* _TO DO_
Would you repeat all the lines below, exactly as they stand?

* _SUPPLIED MATERIAL_
————————

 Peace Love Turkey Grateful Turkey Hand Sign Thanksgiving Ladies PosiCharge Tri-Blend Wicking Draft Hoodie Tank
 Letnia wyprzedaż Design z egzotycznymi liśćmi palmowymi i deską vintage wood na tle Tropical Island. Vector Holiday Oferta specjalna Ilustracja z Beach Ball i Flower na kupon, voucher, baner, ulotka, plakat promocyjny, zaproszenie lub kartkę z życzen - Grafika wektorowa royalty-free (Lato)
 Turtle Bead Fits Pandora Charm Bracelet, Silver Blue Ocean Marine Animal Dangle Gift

————————

* _SOLUTION TO THIS EXERCISE_
 Peace Love Turkey Grateful Turkey Hand Sign Thanksgiving Ladies PosiCharge Tri-Blend Wicking Draft Hoodie Tank
 Letnia wyprzedaż Design z egzotycznymi liśćmi palmowymi i deską vintage wood na tle Tropical Island. Vector Holiday Oferta specjalna Ilustracja z Beach Ball i Flower na kupon, voucher, baner, ulotka, plakat promocyjny, zaproszenie lub kartkę z życzen - Grafika wektorowa royalty-free (Lato)
 Turtle Bead Fits Pandora Charm Bracelet, Silver Blue Ocean Marine Animal Dangle Gift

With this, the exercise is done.